His slow progress north had taken him from ghost town to ghost town. Southport once a thriving tourist trap, now quiet and desolate, the fairground rides grotesque in their gaiety. The litter bins once a banquet hall for John, filled with filth. The stalls and fast food stores looted for trinkets and scraps of food, now long empty. John drifted through, the rattle of the cart’s wheels disturbing the gulls feasting on something John didn’t want to see. There had been lots of corpses left where they had fallen. John wanted to bury them, or at least move them so they could have a more dignified end, but his fear of the infection that had laid waste to the population kept him from getting too close. A muttered prayer to any god that would listen was the best he could offer.
The corpses became fewer as the days became weeks, the weeks became months. The carrion birds and scavenger animals, once fearful of man, had feasted on the society that had threatened to wipe them out.
John’s slow progress was in part caused by his caution but as the nights became colder his arthritis made his mornings a slow and painful affair. That combined with pushing the shopping cart over rough ground every night to find a suitable place to hide, only to have to drag it back again in the morning.
He was heading roughly northwards, for no real reason except he knew there would less people there.

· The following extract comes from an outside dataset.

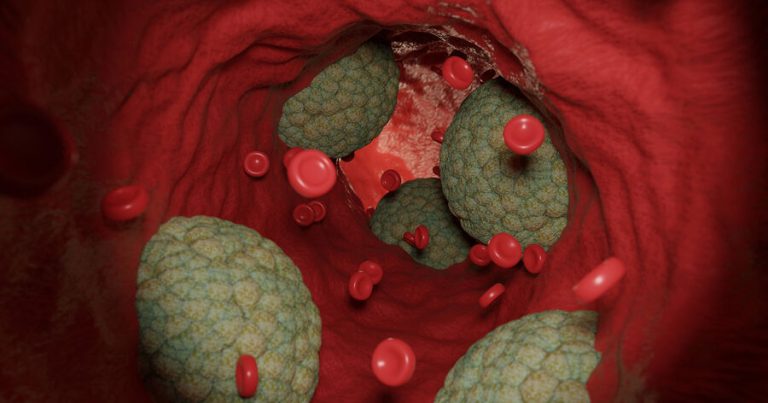 Doktor aterosklerozun ilk əlamətlərindən danışıb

Less people meant less chance of being seen, less chance of looters helping themselves to the supplies he had managed to secure during his journey. Looking down into the shopping cart he knew he had less of the items he needed and too many luxuries picked up on a whim. He would have to find somewhere to trade or otherwise gain the essentials, winter was fast approaching.
A few miles away he could see a farm, more than that he could see a working farm, the smoke rising from the chimney promised a warm drink and maybe somewhere to sleep. If he could get near enough, folks had become wary of strangers lately.

John closed the gate to the farm track and was about to head towards the farm buildings a few hundred metres away.

Shlock!

The noise terrified him into becoming motionless, it’s self satisfied and deadly whisper made the hairs on his head rise. He knew the sound of a shotgun being closed and half expected to hear a roar of it discharging.

“What d’ya want?”

The voice made John’s bladder twitch and only through shear will did he hold its contents.

“I’m here to trade, that is, if I have anything you need I’d like to trade” Said John, his voice stronger than he felt.

“Best come up to the house then” said the voice behind him “I’ll be right behind you”

With a click he heard the shotgun made safe, but knew it only took a second to change that.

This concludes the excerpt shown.